It is very well organized, I especially liked the development section as you tied in many different ways that the mu wave has effects on childhood learning. I noticed there was talk about links by previous reviewers, but I think that you have an appropriate amount of links to the important concepts, maybe it seems off balance because I found many of the links are initially in the introduction paragraph, which I think is fine because it's a good way to get acquainted immediately with a topic if one doesn't know via a link so that the rest of the mu article is clearer, but if it seems necessary then maybe in the paragraphs about development and mirror neurons and autism there could be more links, since each has only about two links which is significantly less then the rest of the article's sections, but honestly it doesn't hinder me much and in fact I don't really see what more in those two sections you could link. But just to give my opinion and work off of what tryptofish and smallman12q were saying that could be a suggestion. I think the article is really well thought out and shows the effort placed into it. (Justine28 (talk) 03:20, 30 October 2012 (UTC))

I did find some more terms that both could use clarifying and have an article relating to them. I really wish there were an article out there called Desynchronization, but right now the closest term I could find was Desynchronosis (jet lag). Not what we want! Other than that frustration, though, I think I had some success in linking to articles that have the potential to improve the casual reader's understanding. For instance, in the "Development of the mu wave in individuals with autism" section I linked to the Abnormal behavior article for the word abnormal, because we're using the term in its technical connotation: differing from the norm without pejorative overtones. Hopefully the links I added will help correct the imbalance you observed. Let me know if you think otherwise, or just that there's more room for additions. Thank you for your input!FutureSocialNeuroscientist (talk) 12:15, 30 October 2012 (UTC)

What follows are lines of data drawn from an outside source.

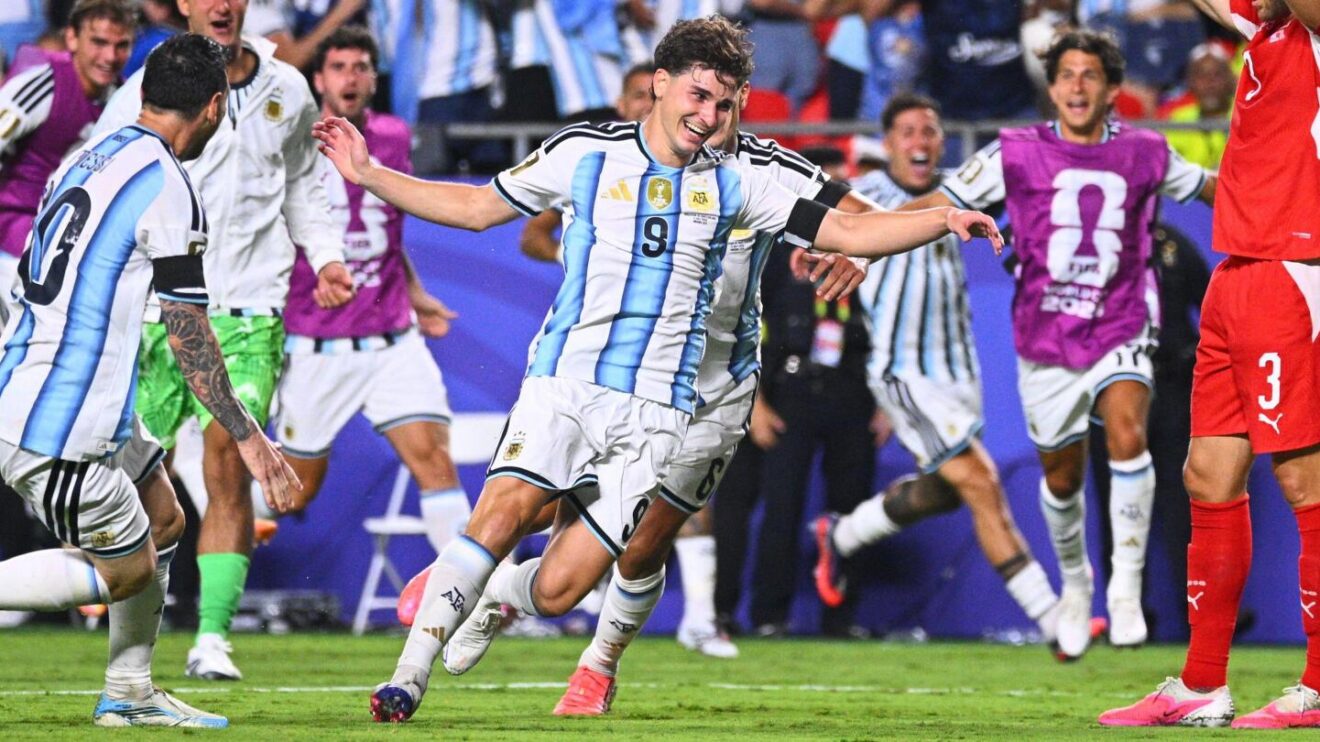 Julian Alvarez and Argentina celebrate his late winner against Switzerland in the World Cup quarter-final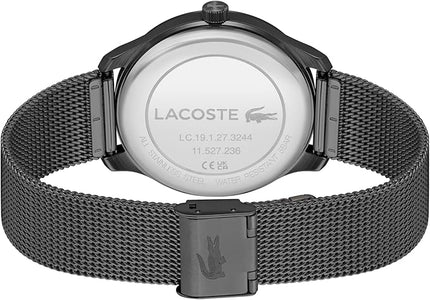 Lacoste Lisbon Men’s Quartz Watch - Three-Hand Sunray Dial with Stick Indexes, Polished Case, Crocodile Logo - Modern, Classic Timepiece - Gift for Him 42mm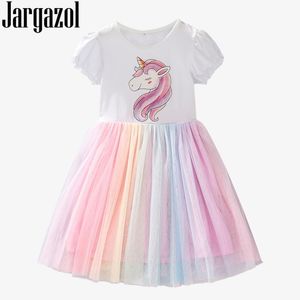 Jargazol Rainbow Unicorn Dress Kids Clothes Baby Girl Dresses Elegant Cute Summer Short Sleeve Princess Dress Mesh Vestidos LJ200923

Comments from HGilbert12[edit]

  • Ist paragraph was extremely helpful as it filled in basic information regarding the history of the study of mu waves –it also provides information on how mu waves can be manipulated for study. *What would be helpful is to tie their first and second paragraph together by explaining how mu waves became to be associated as significant with people on the autism spectrum.
  • I really like the austism and mu wave section
  • Great article! Keep up the work guys! HGilbert12 (talk 16:32, 30 October 2012 (UTC)

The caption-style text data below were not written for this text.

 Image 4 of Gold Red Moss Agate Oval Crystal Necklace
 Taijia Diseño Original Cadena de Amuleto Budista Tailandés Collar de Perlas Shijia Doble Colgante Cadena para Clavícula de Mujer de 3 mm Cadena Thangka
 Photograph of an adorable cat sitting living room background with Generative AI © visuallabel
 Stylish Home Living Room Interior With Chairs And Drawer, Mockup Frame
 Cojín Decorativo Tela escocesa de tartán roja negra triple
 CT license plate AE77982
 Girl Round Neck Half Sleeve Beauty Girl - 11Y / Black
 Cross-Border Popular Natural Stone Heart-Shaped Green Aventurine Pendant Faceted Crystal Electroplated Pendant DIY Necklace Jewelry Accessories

Comments from NikolazSalinas[edit]

So as reading this it is very informational, the organization is well done. The following information after the background of Mu Waves is very well put together. The comments before mine have already gave really good feedback on what to fix. The section that I enjoyed the most was the Brain-computer interfaces section of the page. This was something I never read about before hence made this a very interesting section of the wiki page. I also haven't seen any gramatical errors or spelling errors so that is good. Keep up the good work guys! — Preceding unsigned comment added by NikolazSalinas (talkcontribs) 18:53, 30 October 2012 (UTC)

Instructor feedback on content[edit]

This article's content and organization are good. I do have some comments:

  • Mu waves and mirror neurons: It is not clear in this section the relationship between mu waves and mirror neurons. Do mirror neurons exhibit mu waves? The first paragraph of the article suggests that mu waves are defined by location as well as frequency (over the motor cortex). Mirror neurons are also reported in non-motor regions. Do they also exhibit waves of this frequency? Are they called mu waves?
  • Development: If mu waves are partially defined by frequency, then how is mu waves defined during infancy when frequency ranges differ? Is location used to identify waves that later develop into the 8-13 Hz range? In other words, how is it known that 5-7Hz waves during the first 2 years of life are the 8-13 Hz mu waves of adulthood?
  • Development: The term "desynchronization" in this section needs elaboration and clarification.
  • Mirror neurons and autism: This section seems to be more appropriately conceptualized as a subsection under Mu waves and mirror neurons. This move will allow you to eliminate some repeated info in the first paragraph of the Mirror neurons and autism section. Also, remember this is an article on mu waves, not mirror neurons, so constrain your content to those that are relevant to mu waves (e.g., Development of the mu wave in individuals with autism seems to talk more about development of mirror neurons than mu waves).
  • Brain-computer interfaces: Excellent info on mu waves in this section.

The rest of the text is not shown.